# GOAL OF THE EXERCISE
After locating the line with "Luminous Stars Wall" in the data that follows, return it and every later line exactly, up to and including the line with "2-Chloro-5-(3-N,N-dimethylsulfamoylphenyl)benzoic acid structure".
------ RECORD EXTRACTS
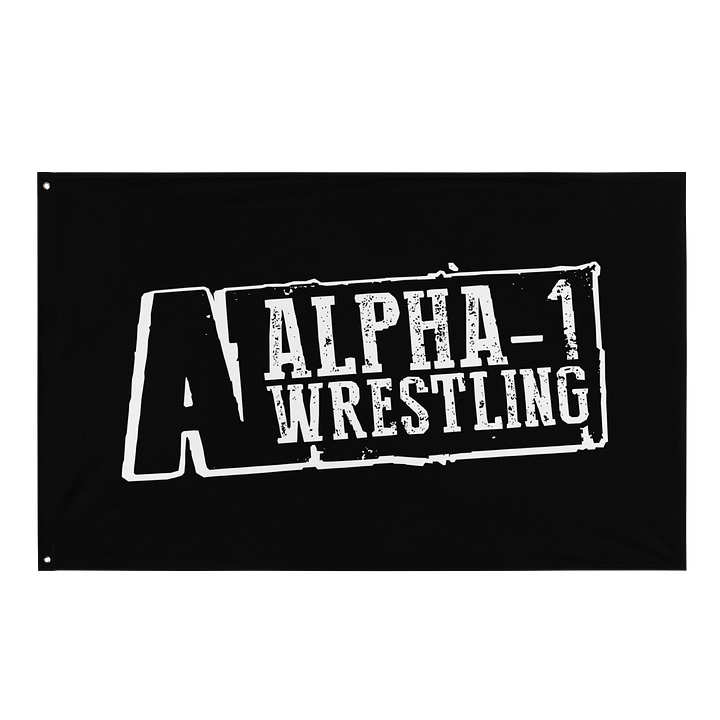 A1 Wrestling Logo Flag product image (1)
------------
------ RECORD EXTRACTS
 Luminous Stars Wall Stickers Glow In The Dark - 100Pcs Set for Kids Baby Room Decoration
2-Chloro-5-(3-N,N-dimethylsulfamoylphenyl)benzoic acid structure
------------
# COMPLETED EXERCISE
 Luminous Stars Wall Stickers Glow In The Dark - 100Pcs Set for Kids Baby Room Decoration
2-Chloro-5-(3-N,N-dimethylsulfamoylphenyl)benzoic acid structure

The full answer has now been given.